Apex Guest Blog: Implementing a Data Fabric
Employing a Data Fabric can elevate an organization's data management processes and drive digital innovation.
Access to quality data is vital to modern business operations, and integrating data from various sources requires intricate strategy, planning, and execution processes. Data Fabrics weave data points from a multitude of different sources into one unified system, simplifying large-scale data integration. Employing a Data Fabric can position an organization to take a value-driven approach to streamline data management and expedite digital transformation.
What is Data Fabric?
Data Fabric is a holistic approach to integrating various data “threads” end-to-end. These ‘threads’ originate in a variety of locations, such as on-premise legacy databases, cloud data repositories, or in application-specific data stores. The Data Fabric weaves these threads together to create a consistent, secure, and unified experience for a user to access data.
Although a Data Fabric is not always a single tool, some companies have begun marketing unified Data Fabric Platforms. A Data Fabric Platform is a consolidated infrastructure that integrates and manages data access in a cohesive, flexible format. Data virtualization tools, such as Denodo, Tibco DV, or JBoss, play a key role in enabling a Data Fabric by facilitating access to data across disparate sources in a unified and consistent manner.
If a commercial Data Fabric Platform is not the right fit for an organization, stakeholders will need to consider several key features of a traditional Data Fabric. Out of the box virtualization platforms will include these features, so those building their own will need to implement a fabric that addresses each of the following: source data discovery and connection, data engineering, data discovery, data access and metadata management.

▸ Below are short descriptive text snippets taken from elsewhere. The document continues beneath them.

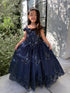 Girls Princess Embroidered Ball Gown for Girls – Floral Tulle Special Occasion Dress 2-18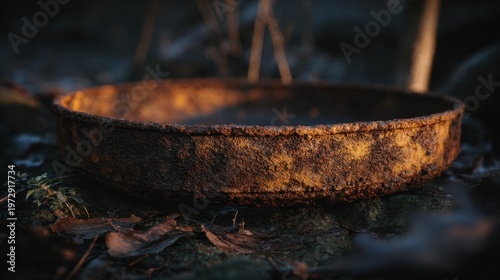 Rusty corroded bucket rim with weathered texture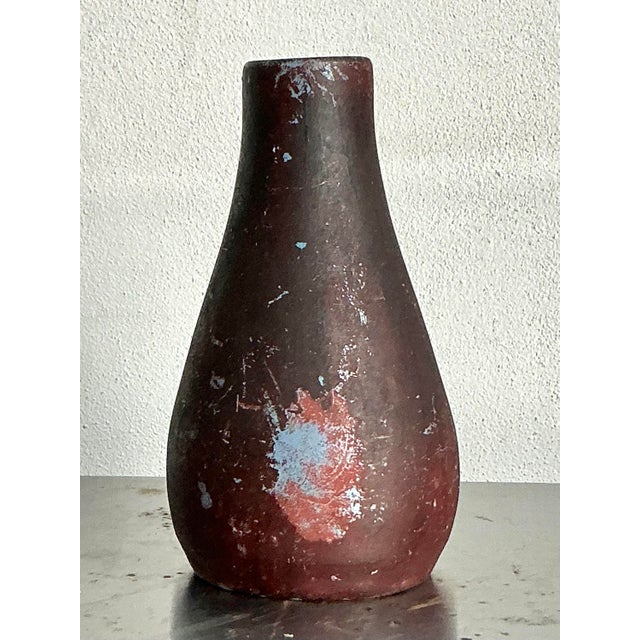Vintage Boho Studio Pottery Vase For Sale - Image 4 of 8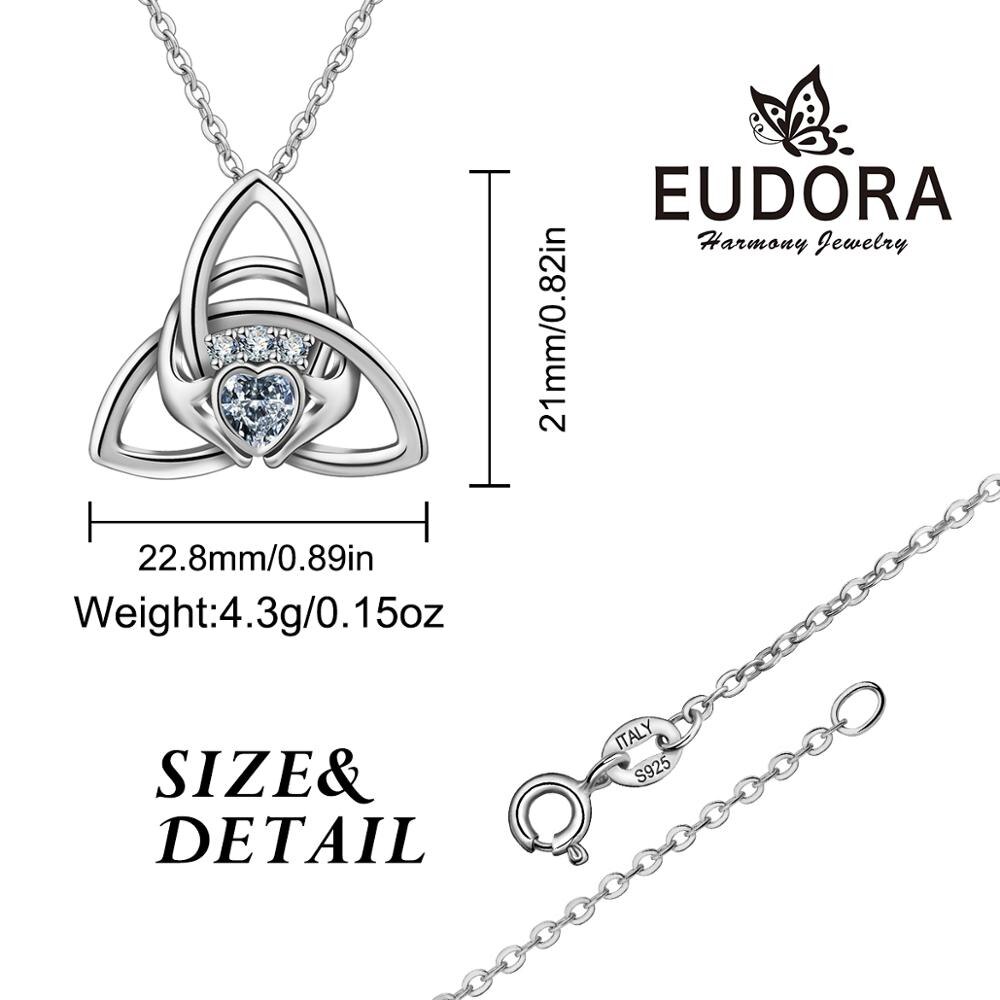 EUDORA-collar con colgante único de Plata de Ley 925 Claddagh para mujer, joyería con nudo celtas, de cumpleaños para bebé y Mamá, D177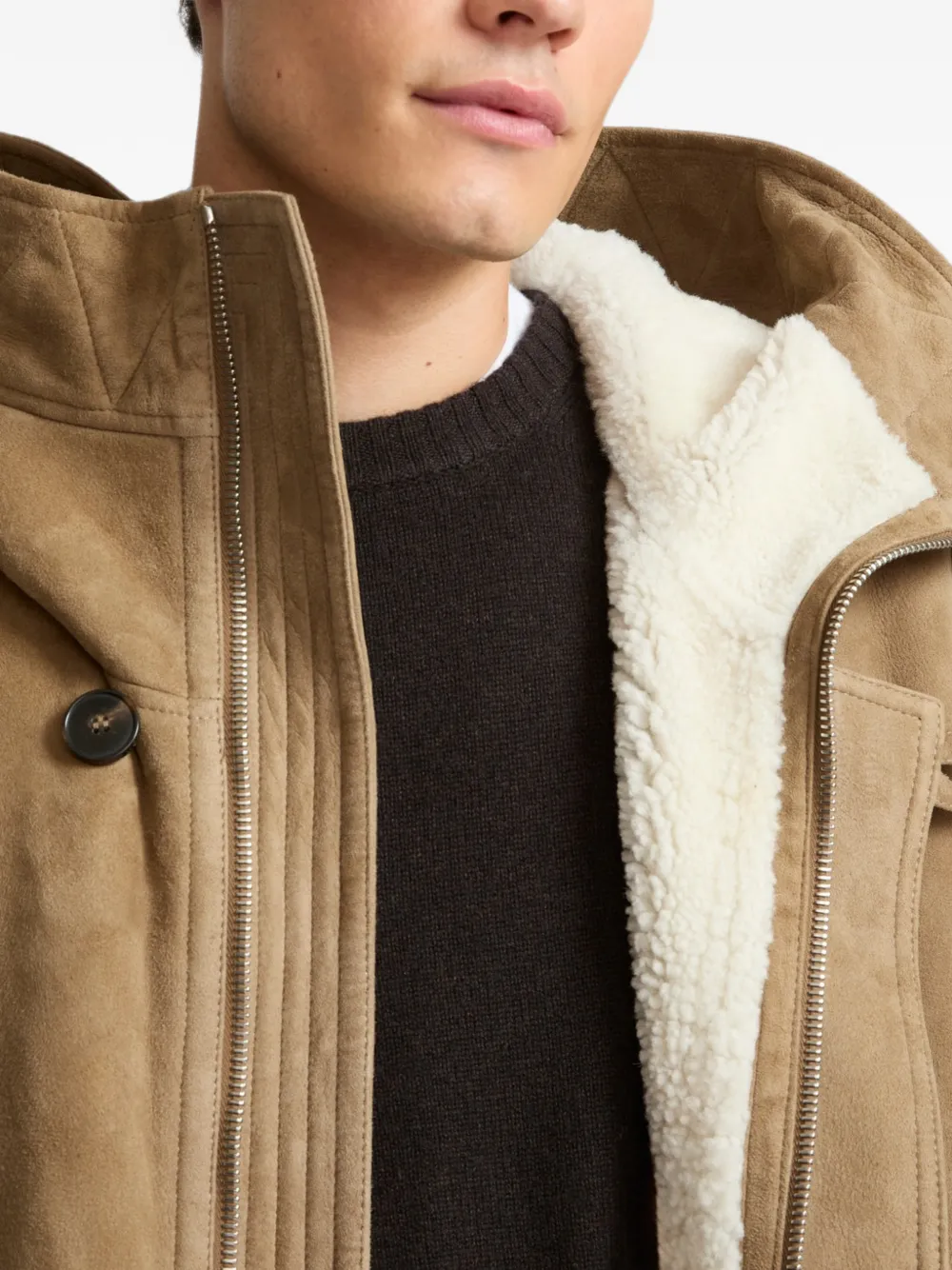 Yves Salomon Parka met capuchon Beige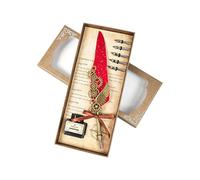 Juego de bolígrafos con plumas grabadas antiguas con botella de tinta y 5 puntas intercambiables para escritura artística a mano de plumón antiguo
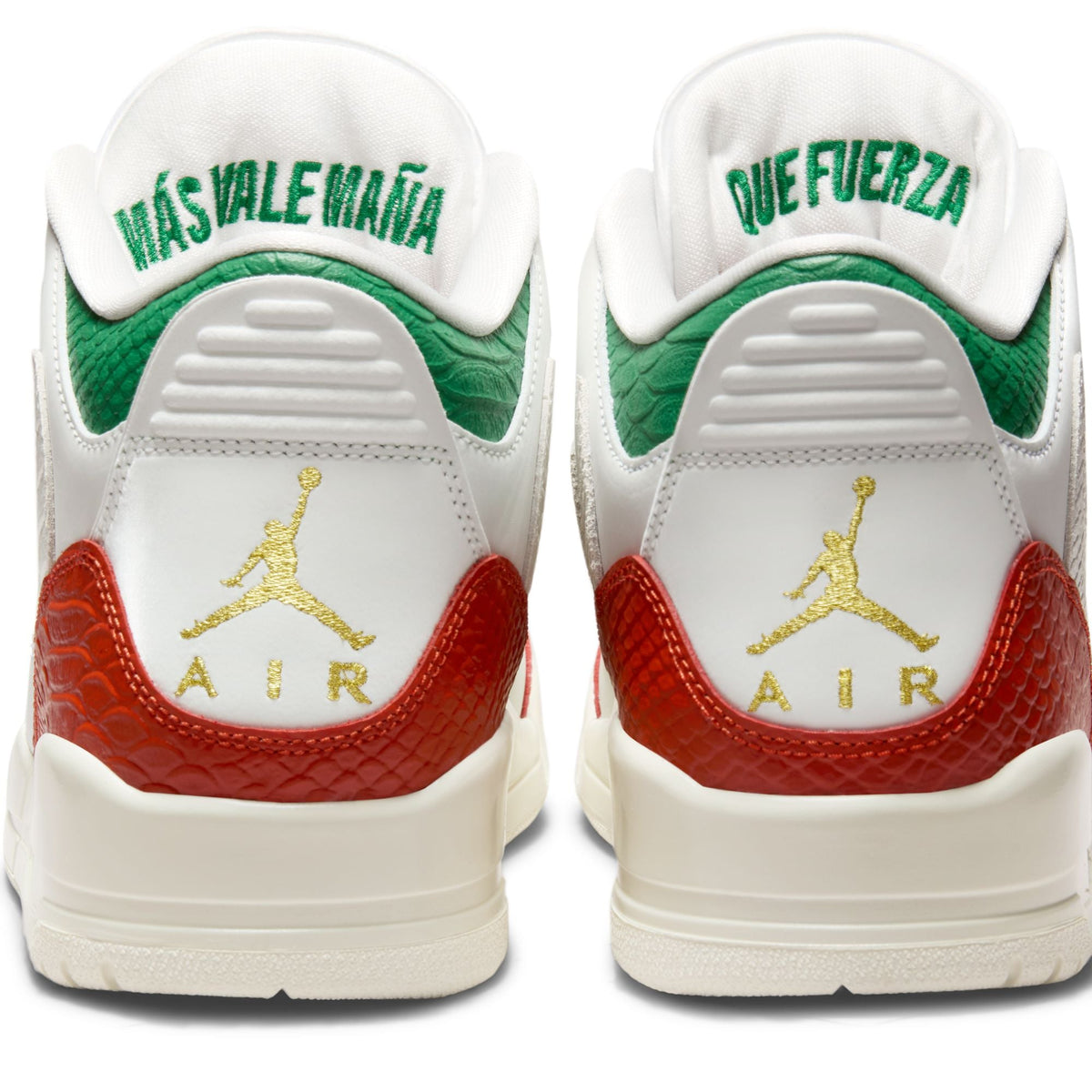 "el Vuelo" Mne's Air Jordan 3 Retro SUMMIT WHITE/METALLIC GOLD-PINE GREEN - product image from the listing.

Why is Data Fabric Important?
As companies emphasize the need for data-driven decision making and digital transformation, access to high quality data is increasingly critical. Even the most robust analytics platforms require consistent access to high-quality data, and integrating that data requires strategy, planning, and complex implementation. Data Lakes are a good solution for most analytics-focused use cases, but they do not solve the greater problem of large-scale data integration.
The wide variety of data analytics applications results in several options for data storage, including file systems, HDFS (Hadoop Distributed File System), Data Streams, RESTful API endpoints, and O/JDBC databases. Implementing a Data Fabric offers a solution to the variability in data sources by weaving the points together into one integrated, consistent access point. Unlike other solutions where data is physically moved, transformed, and loaded into a single source, a Data Fabric keeps data where it resides and “virtualizes” it. This virtualization means that applications can access data through any required interface, but the data is not physically replicated out of its source.
IT organizations within companies are increasingly looking to position themselves as value-drivers. By spearheading Data Fabric initiatives, IT departments take a value-centered approach to data management and solution architecture. Providing mechanisms for flexible, seamless data access elevates IT organizations to valuable and strategic members of their business communities.
Best Practices for Implementing a Data Fabric
First, an organization implementing a Data Fabric should deliver value early and often by collecting feedback from users and owners of the integration points. These stakeholders can provide valuable insight into how the fabric needs to be customized to the wider organization. Teams employing a Data Fabric should keep communication lines open, allowing for continuous feedback even after the initial implementation and throughout ongoing iterations.
Minimize disruption to end users to deliver functionality gradually, in a “crawl-walk-run” fashion. Similarly to the importance of delivering value early, organizations implementing a Data Fabric shouldn’t try to “boil the ocean” with the Data Fabric. Taking a gradual approach will undoubtedly be a new paradigm for data integrators and consumers, ultimately proving that incremental improvements to data products instead of wholesale refactoring is crucial to their success.
Lastly, assemble a steering committee of enabled decision-makers who own the outcomes driven by the Data Fabric. The committee should be planning, building, and navigating the strategic objectives of the implementation. An all-hands commitment to the success and investment of the Data Fabric will ensure the intended outcomes are met by this multifaceted solution.